Quelles sont-elles ? Il reprend une large partie de ce qu'il traitait dans La France contre les robots, il critique la liberté que la société des machines nous enlève. Cette société, anti-civilisation qui pousse l'humanité dans la jouissance, la fuite en avant et les loisirs. Cette anti-civilisation qui détruit notre vie intérieure, que Bernanos assimile à la liberté, celle de pensée notamment. L'homme moderne n'a plus le temps, en plus de cela la nourriture spirituelle qu'on lui donne ne peut le rassasier. Pour contrevenir à cette déspiritualisation, il se jette dans la modernité.

Bernanos esquinte ceux qui croient au dogme du progrès et voit dans l'Histoire une locomotive sur ses rails. Il préfère comparer l'Histoire à une toile que l'on recompose sans cesse. À propos de locomotive, la machine et les spéculateurs qui les contrôlent l'inquiètent. Ces personnes usent de propagande pour tuer la vie intérieure et ainsi rendre acceptable le mélange de mensonge et de vérité qu'elles propagent. Il met dos à dos marxistes et libéraux qui ne pensent qu'aux lois économiques et veulent dicter la marche du monde sous celles-ci.
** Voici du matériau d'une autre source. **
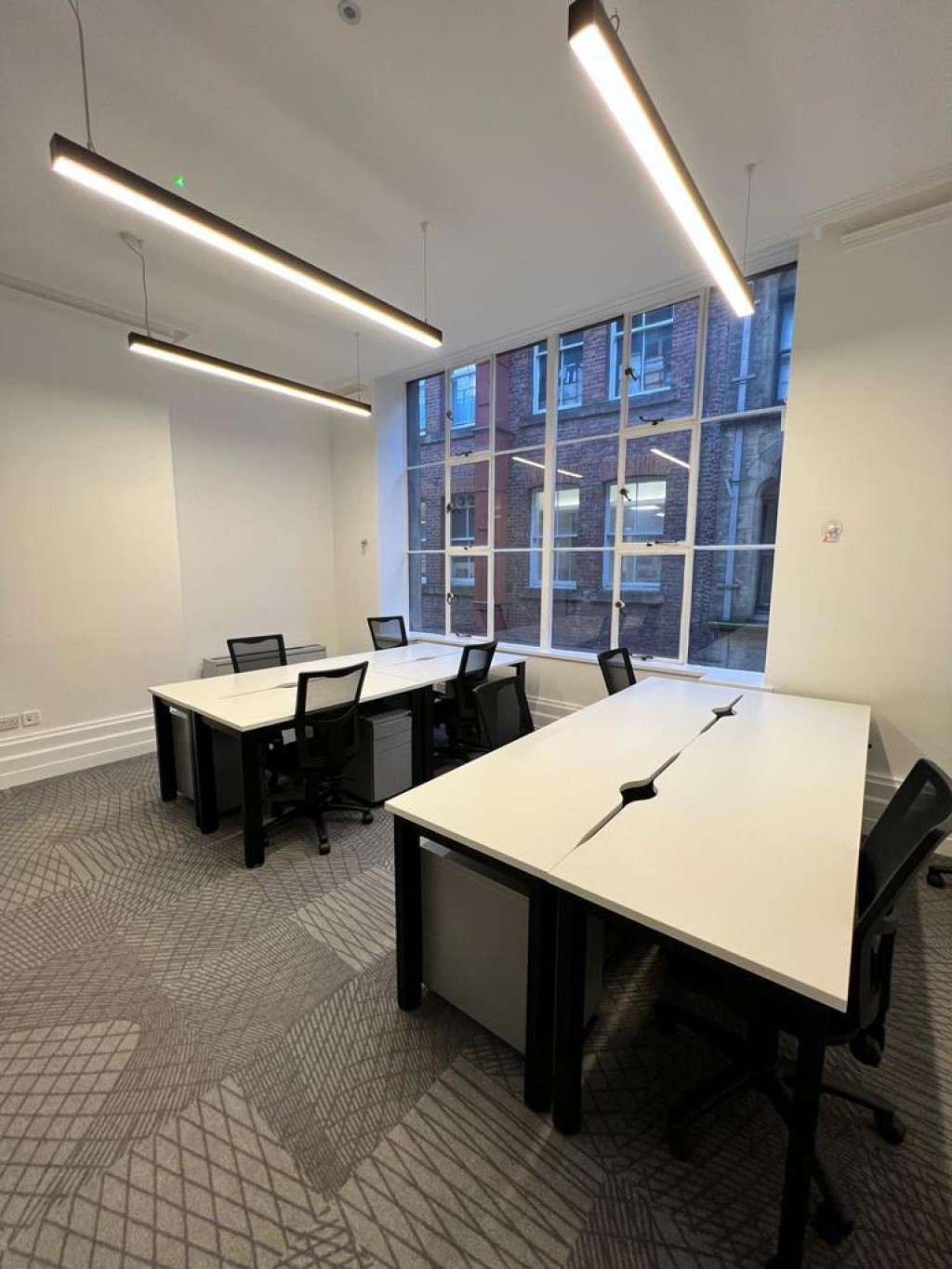 Mount Street, Manchester, M2 5WQ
Il s'inquiète, de la bombe atomique tout d'abord. Celle-ci le hante durant ces cinq conférences, c'est quelque chose qui l'a profondément marqué. C'est la machine des machines, celle qui pourra détruire le monde et l'humanité avec. Il souhaite que la jeunesse, nos « boomers », ne se laisse pas avoir et n'attend pas de la génération qui a laissé faire cette guerre un quelconque salut. Cette génération, dont Bernanos fait partie, laisse la propagande s'implanter en temps de paix et se comporte comme si l'on rentrait de vacance. Alors que nous rentrons d'une guerre terrible, destructrice.
Et c'est aussi un écrivain catholique, il nous expose sa foi et ses croyances. Il en veut aux nouveaux convertis d'être un peu trop ostentatoires dans la démonstration de leur foi. Mais, il en veut aussi à ceux qui croient qu'utiliser les mythes de la Bible pourra convertir les masses. Car il s'en remet à Dieu, qui est amour, et qui nous a laissé le libre arbitre pour que nous le rejoignions de plein coeur.
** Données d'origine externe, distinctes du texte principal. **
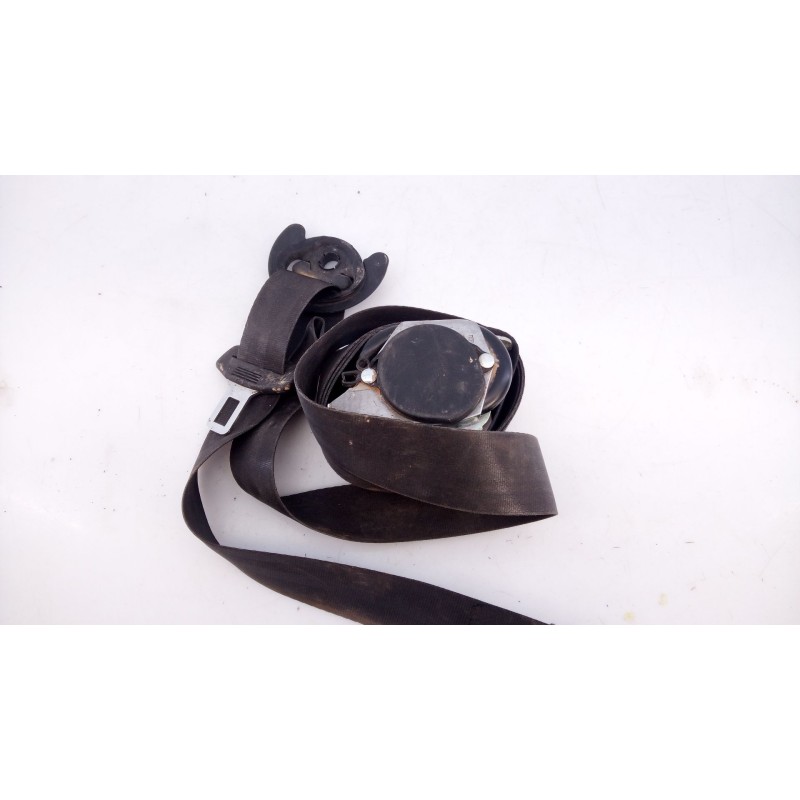 Recambio de cinturon seguridad delantero izquierdo para volkswagen scirocco (138) r-line referencia OEM IAM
La lecture est très facile, même si les redondances peuvent être fatigantes à la longue. Néanmoins Bernanos donne un message d'espérance, et non d'optimisme, face à la société des machines. Il souhaite de plein coeur que la France reprenne son rôle de libératrice — référence à 1789 — et combatte ce monde anglo-saxon et allemand, mené par les lois économiques.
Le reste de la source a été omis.